Kay stumbled back and launched another salvo of flames. Somewhere nearby, the gray-haired woman cackled as Perry raised a shield and the fireballs disintegrated.
Was Perry possessed? The gray-haired woman and Dustin both seemed to have their senses about them. If both of them were still in action, then either there was a possessor hiding in the shadows, or Perry was acting of her own free will.

“Perry, what the fuck?” Kay yelled, raising a shield to protect her back from the gray-haired woman.
Perry lunged at her, and Kay leapt to the right, landing hard on the cold floor. “Nadia!” she said as she rolled over, trying to regain her footing. “Nadia, help Juan!”
Nadia, though, was pinned down in the corner, fighting with a knife and small bursts of wind magic as Holly fought to keep a shield up. Whatever Dustin was doing, it was working.
The gray-haired woman and Perry both ran at Kay at once. Kay struggled to her feet and raised her bleeding palms, muttering forbidden words of a hex beneath her breath.
The flames ripped themselves from her hands with a screech, like metal scraping stone, and even Perry’s shield wasn’t enough to stop it. The woman disappeared in a tornado of blinding yellow flames less than three feet from Kay. The heat was burning Kay’s face, but she was powerless to stop it. She could only close her eyes as the fire billowed out of control.
She heard a yell of pain, and realized the gray-haired woman was still alive. Kay forced herself to open her eyes and could see a faint green oval amidst the flames.
She used all of her strength to weaken the flames, but she could tell by the smoky haze in the room that the ceiling had caught fire. It was only a matter of time before the whole building was ablaze. She looked to her left, where Nadia knelt behind a shield, holding Holly’s limp body.
But where was Dustin?
A battered, pale form burst from the smoke and flames, launching himself at the gray-haired woman. It was Dustin. Holly must have possessed him - but if he died before she left his body, she would die too. It was a risky move.

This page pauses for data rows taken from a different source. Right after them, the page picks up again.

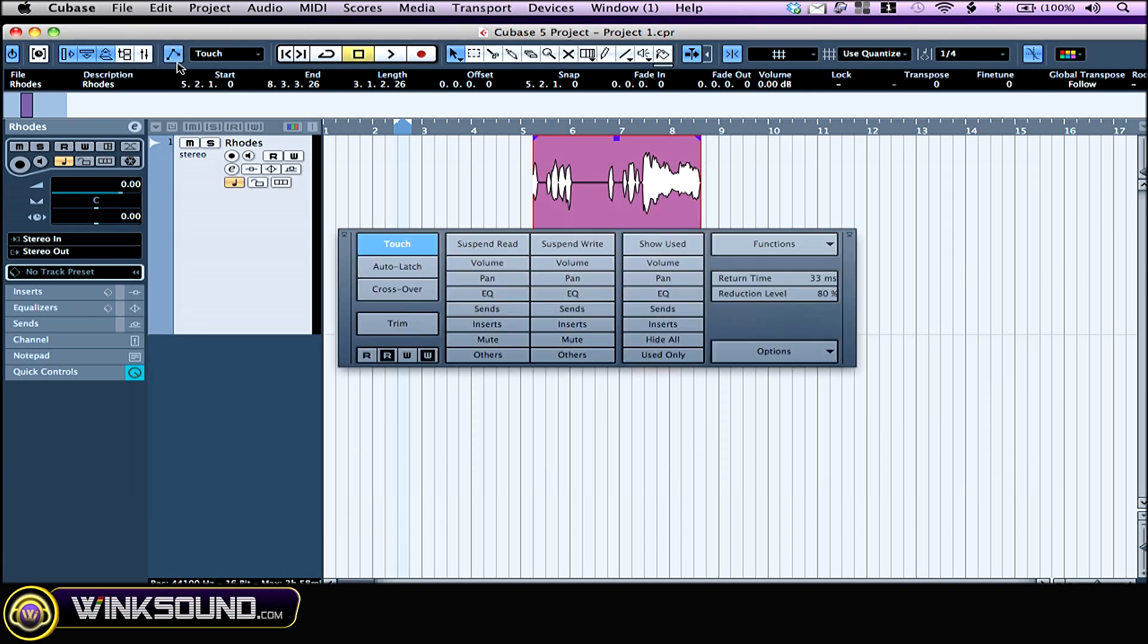This one right here brings up the automation panel, and you can set the automation writing mode by clicking on this box.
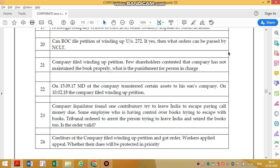A company filed for winding up; few shareholders contend that the company has not maintained its books properly — what is the punishment? You have to refer to the relevant provision for punishment. Then on September 17th, the MD of the company transferred certain assets to his son's company. This relates to fraudulent preference — there are two aspects: settlement of creditors and transfer of property.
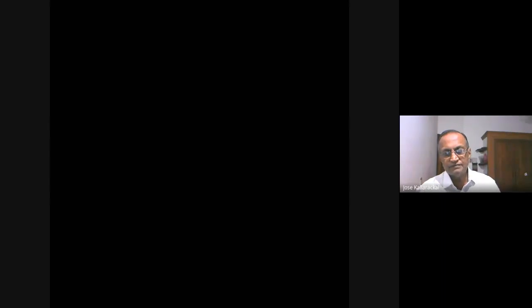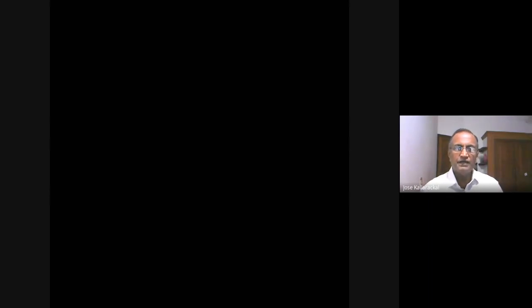If there are no more questions, thank you all for attending the class. We will meet next week — the time will be announced by Mr. Subhash and communicated to you. Thank you once again. Bye-bye.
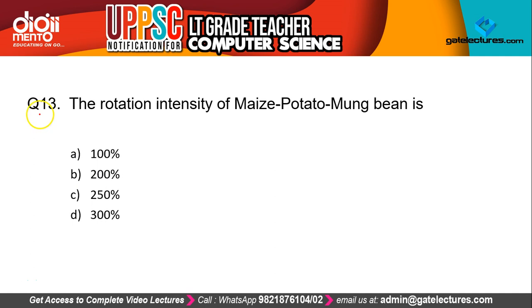Question 13: The rotation intensity of Maize–Potato–Moong Bean is? The correct answer is D — 300%. Rotation intensity indicates the proportion of area under cultivation in relation to the total area available for arable farming, multiplied by 100.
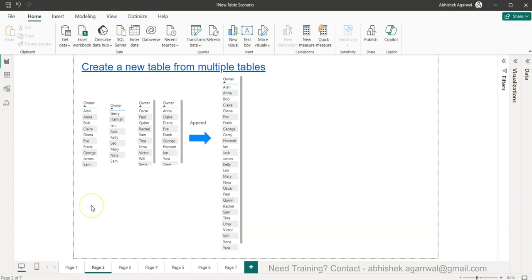Hello and welcome to the new Power BI tutorial video where we will create a new table from multiple tables.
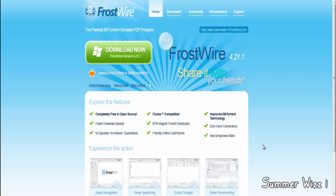Basically LimeWire and FrostWire will look exactly the same. They run on the same kind of setup, almost exactly the same setup. There are also skins for it, and it's iTunes compatible.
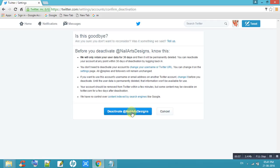So deactivate @NailArtsDesign. Click on that and your account will deactivate. Thank you, thank you so much.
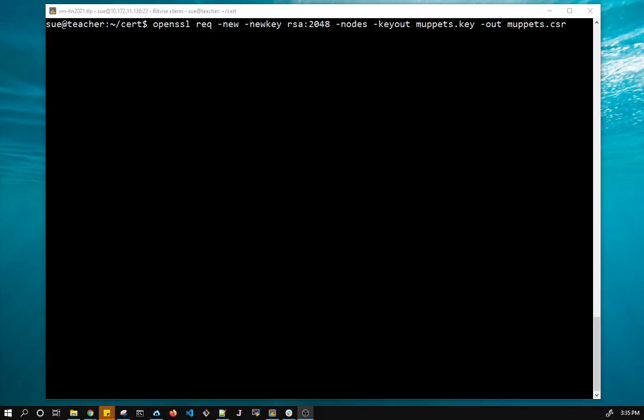So here's the command. What I'm doing is, I'm using OpenSSL. That, of course, has to be installed. And it's a new request. And what I'm doing is, I'm using the RSA encryption algorithm and a 2048-bit key. And the key is going to go into Muppets key, and my certificate signing request is in Muppets CSR.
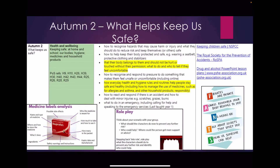In Autumn 2 our key question is: what helps keeps us safe? We help the children to recognise hazards that may cause them harm and how to protect themselves, as well as teaching the importance of rules such as their body belonging to them and knowing how to seek help if anything ever happens that makes them feel uncomfortable.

The woman shrieked with rage and hit Dustin with a spell that knocked him on his back with a thump. A second later, she turned to Kay and tried to cast something her way as well.
Kay raised a shield and glanced over at Nadia and Holly. Holly had regained consciousness, but Dustin wasn’t moving. Now was their chance to escape. Ash and debris were raining down from the ceiling, and the smoke was intensifying. They were in a vulnerable position if they stayed underground without any backup scheduled to come.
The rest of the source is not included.